Still, imagine how hard other skills are to acquire. How much civil engineering can you learn in two weeks? How much violin playing? But you could absolutely get basic grasps on a general purpose programming language. With something specialized like Unity or Excel you would get tons of useful output.
The hurdle around assignment operator is as old as symbolic languages. That's why legends such as Niklaus Wirth wanted to use another operator, ":=", a notation that is still being used.
Anyway, it can be a hurdle, but one I find that most people get over pretty quickly.
Well, sure; but more generally, the ability to accept other meanings for symbols (and keep subtly different symbols straight in one's head) is a mental skill, and individuals vary in their aptitude for it. (Presumably, this one is also relevant to natural language learning, since one must reckon e.g. with false cognates.)
The English noun "mist" has a different meaning than the German noun "[der] Mist" (dung, crap). Or the French "[la] infusion" has a different meaning (herbal tea) than the English "infusion" and the German "[die] Infusion".
So, you are very used to the situation that in different languages, terms can have different meaning, so also in, say, C versus mathematics.
However, people really do have a great deal of trouble with this exact concept.
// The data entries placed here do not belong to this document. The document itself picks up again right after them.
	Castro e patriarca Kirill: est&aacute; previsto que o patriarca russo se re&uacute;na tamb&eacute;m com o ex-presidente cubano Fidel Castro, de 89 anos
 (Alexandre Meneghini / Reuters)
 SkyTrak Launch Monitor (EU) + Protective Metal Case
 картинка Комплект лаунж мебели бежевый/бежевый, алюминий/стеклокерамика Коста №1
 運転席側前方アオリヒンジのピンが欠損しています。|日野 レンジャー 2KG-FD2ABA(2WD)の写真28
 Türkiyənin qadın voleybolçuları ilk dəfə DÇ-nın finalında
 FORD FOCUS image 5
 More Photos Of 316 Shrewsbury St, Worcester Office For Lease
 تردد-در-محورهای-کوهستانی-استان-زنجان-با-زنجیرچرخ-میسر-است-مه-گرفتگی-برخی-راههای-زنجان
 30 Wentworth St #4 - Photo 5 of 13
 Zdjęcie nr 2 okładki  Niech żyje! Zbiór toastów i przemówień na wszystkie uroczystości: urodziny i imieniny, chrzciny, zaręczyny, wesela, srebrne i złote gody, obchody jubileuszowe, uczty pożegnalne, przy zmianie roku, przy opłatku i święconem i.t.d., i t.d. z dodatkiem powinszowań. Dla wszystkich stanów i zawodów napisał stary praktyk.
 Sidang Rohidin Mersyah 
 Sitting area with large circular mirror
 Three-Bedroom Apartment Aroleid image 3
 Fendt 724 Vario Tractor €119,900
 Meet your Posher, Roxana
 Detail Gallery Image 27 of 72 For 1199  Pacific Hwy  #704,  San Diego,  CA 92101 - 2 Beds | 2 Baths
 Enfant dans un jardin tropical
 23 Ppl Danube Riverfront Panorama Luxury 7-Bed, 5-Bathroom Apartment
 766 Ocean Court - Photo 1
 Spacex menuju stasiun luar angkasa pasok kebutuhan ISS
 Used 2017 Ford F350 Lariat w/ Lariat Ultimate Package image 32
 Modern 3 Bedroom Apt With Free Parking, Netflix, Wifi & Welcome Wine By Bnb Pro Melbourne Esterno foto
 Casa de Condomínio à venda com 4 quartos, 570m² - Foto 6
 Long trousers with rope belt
Its a common test to give to people to define a function with a misleading name, like multiplyByTwo(int x, int y), and then show them the code inside (return x/y) and ask what this results in. Surprisingly many non programmers have a great deal of trouble with the idea that the name can be different to the behavior, especially in cases where its subtly different not entirely like this.
Other fields have similar issues, where people have trouble with this sort of abstract thinking, divorcing abstract knowledge about a thing from its appearence. iirc its a stage in child psychology and development, and shows up in teenage years after puberty. Many adult people never develop it fully, and struggle with this to a greater or lesser extent
But that was just an offnote observation, when I got to college I already knew how to program but MANY of my student peers had A LOT of trouble in the first year grasping the basics. These were not dummy students, they were top ~3% of students in the college entrance exams.
At least 50% of my class didn't understand pointers properly by then end of first year.